One moment, I was at the foot of a hospital bed holding a baby’s bootie in between my fingers. It was crocheted and blue, and as I became conscious of the woman’s form under the sheets before me, the beeping of some machine that’s primary purpose was to beep, and an overwhelming wall of sadness that crushed me with a tense force in my chest…the static took over again and the next moment, I was driving a car on a long black paved road beside a desert landscape while sweat poured down my nutsack. I thought I heard a vulture overhead or was I just being delusional from this heat?… And then I closed my eyes for a moment only to open them inside a well-conditioned restaurant seated across from a pretty red-haired woman…and then…

I no longer know who I am…where I am, why I’m here. Do I exist? And if so…

The Channel changes again.

I was flipping through vinyl records in a milk crate before me as my vision began to crystalize, almost as if I’d finally gotten a good signal.

Must be the tinfoil hat! I mused to myself and resisted reaching up to my skull to feel for an aluminum cap.

Everything began to feel more and more tangible about me: the sensation of the plastic sleeves against my thumb…the warm air on my knuckles…the summer smell of roasted nuts, the juicy images of the covers of the albums flipping at my touch: Préliminaires, Touch Me, The Benedictine Monks of Santo Domingo De Silos

Even my body felt a surge of energy, the human kind. I felt suddenly blood and flesh again and all those lovely tangible elements. And this body felt…more nourished than the last one I had fully resided in. It was almost as if I could feel the protein from my most recent meal coursing through my veins. But that hunger, burning on my lips…what was that fleeting feeling.  Where had I been last…? Why did I feel such a longing for...

My eye wandered from the cover of Dark Side of the Moon and cast a gaze on the small cartons of nuts and strawberries stacked beside. With a sign: “These fruity records will drive you nuts!”

I glanced back at the album cover in my hand. The colour spectrum refracting from the glass prism on a black background.

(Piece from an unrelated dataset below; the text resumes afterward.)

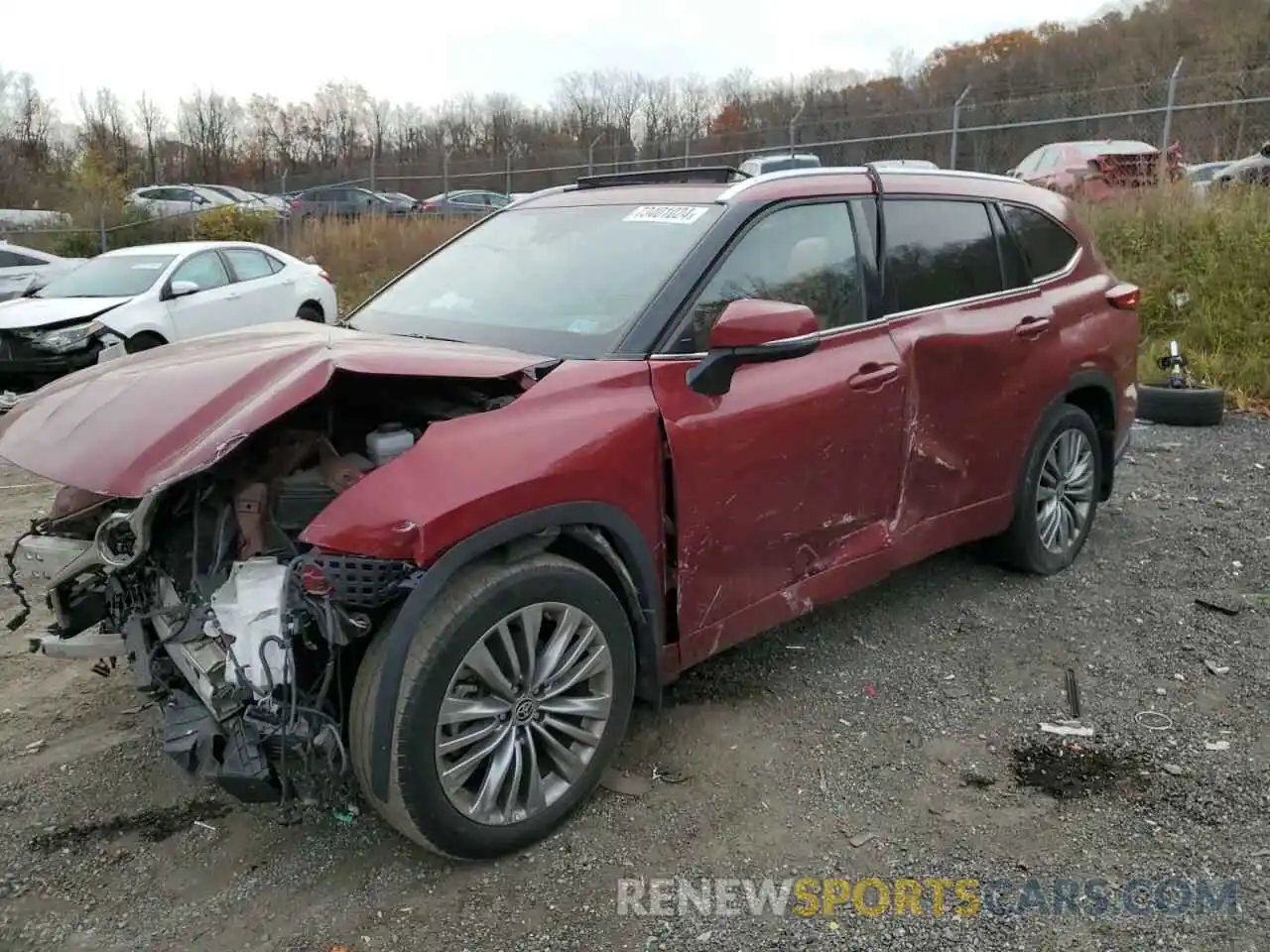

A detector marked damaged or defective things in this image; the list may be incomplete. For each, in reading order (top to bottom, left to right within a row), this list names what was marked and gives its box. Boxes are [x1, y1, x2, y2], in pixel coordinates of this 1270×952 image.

damaged hood [0, 297, 132, 329]
damaged hood [0, 322, 551, 500]
dented door panel [650, 320, 909, 664]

This constant jiggering between all these worlds, these realities, and seeing people who are people you know, but aren’t really the people you really know…well, what I’m saying is: déjà vu had recently felt like a default setting for me wherever I did wander.

But this was different. Have you ever felt a powerful sudden feeling of déjà vu? Like not in a “this feels familiar because is similar” but I feel this has happened before: this strange moment I’ve stumbled across that seems of the past and of the present at the same time?

Did I just ask that?

Again?

I looked around me…and here I was. The farmers market.

But that is silly. I always go to the farmers market around my house. This must be a reality close to my own, if not my own. I had been fooled before. And even in my own reality: a farmers market always feels like a farmers market. I’ve probably thumbed through this crate of records a dozen times. How many times had I held this vinyl before finally shelling out the $5 to pay for it?

But this one felt queer in its exactitude. This didn’t feel just like a similar reality.